Seit der Finanz- und Wirtschaftskrise im Jahr 2008 schwindet die Macht der Arbeitnehmer. Das belegt die aktuelle Studie „Impact of the crisis on industrial relations“ des European Industrial Relations Observatory (EIRO). Demnach kam es in den vergangenen sechs Jahren in fast allen Ländern der Europäischen Union zu Lohnkürzungen oder Nullrunden. Lohnsteigerungen gab es nur vereinzelt. In Ländern wie Griechenland, Spanien, Portugal und Rumänien veränderte die Politik auch die Tarifvertragssysteme, damit Unternehmen mehr Spielraum zur Verfügung haben. In Spanien erhielten etwa Lohntarifverträge, die Unternehmen mit ihren Mitarbeitern schließen, Vorrang gegenüber Branchentarifverträgen.

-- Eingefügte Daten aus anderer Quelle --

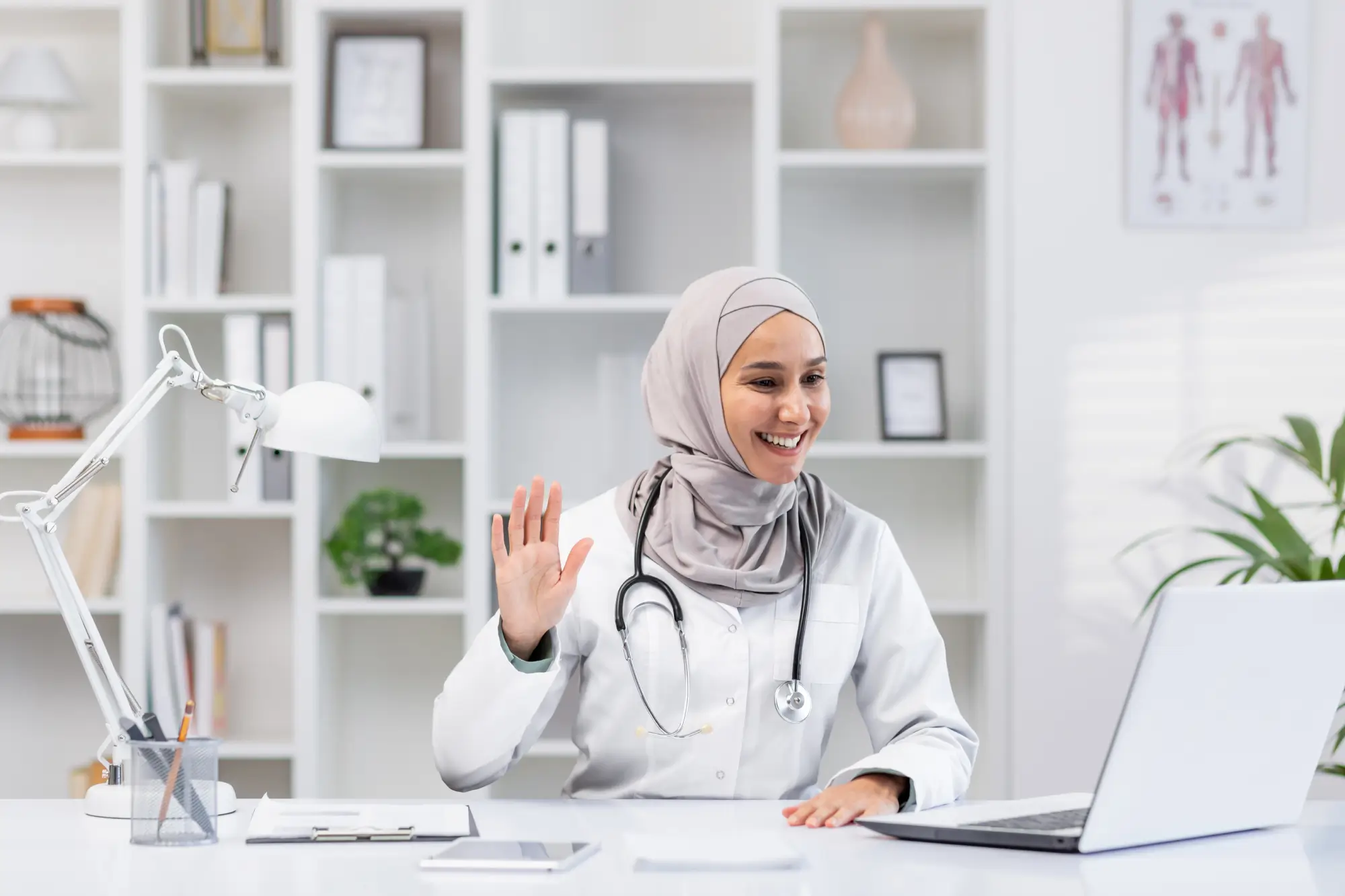 friendly-muslim-female-doctor-greeting-during-a-vi-2024-05-07-17-26-15-utc (1)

Das Machtverhältnis zwischen Arbeitgebern und Arbeitnehmern ist also im Wandel. „In den vergangenen 30 Jahren haben Gewerkschaften deutlich an Einfluss verloren – auch in Deutschland“, sagt Hartmut Hirsch-Kreinsen, Inhaber des Lehrstuhls für Wirtschafts- und Industriesoziologie der Technischen Universität Dortmund. „Ihre Verhandlungsposition ist schwächer geworden.“
Hirsch-Kreinsen sieht auch die wirtschaftliche Entwicklung der vergangenen Jahre als Ursache für den Machtverlust: „Der wirtschaftliche Druck auf Firmen ist stark gestiegen.“ Der globale Wettbewerb zwinge viele Unternehmen zu mehr Effizienz und zu einem Sparkurs. „Dagegen kommen Gewerkschaften kaum an“, sagt Hirsch-Kreinsen. Nach der Finanz- und Wirtschaftskrise stiegen die Tarifgehälter in Deutschland durchschnittlich immerhin um 1,8 bis zwei Prozent. Zuvor waren allerdings Steigerungen von 2,7 Prozent jährlich die Regel gewesen. Das hängt auch mit dem Prozess zusammen, wie Tarifverträge entstehen: Laut EIRO-Studie kommt es im Vorfeld immer seltener zu Gesprächen zwischen großen Gewerkschaften und Arbeitgebervertretern. Verhandlungen finden meist im kleinen Kreis zwischen Geschäftsführung und Betriebsrat statt. Die Parteien einigen sich außerdem auf immer kürzere Laufzeiten. „Gewerkschaften können bei Tarifverhandlungen für ihre Mitglieder immer weniger erreichen“, sagt Hirsch-Kreinsen.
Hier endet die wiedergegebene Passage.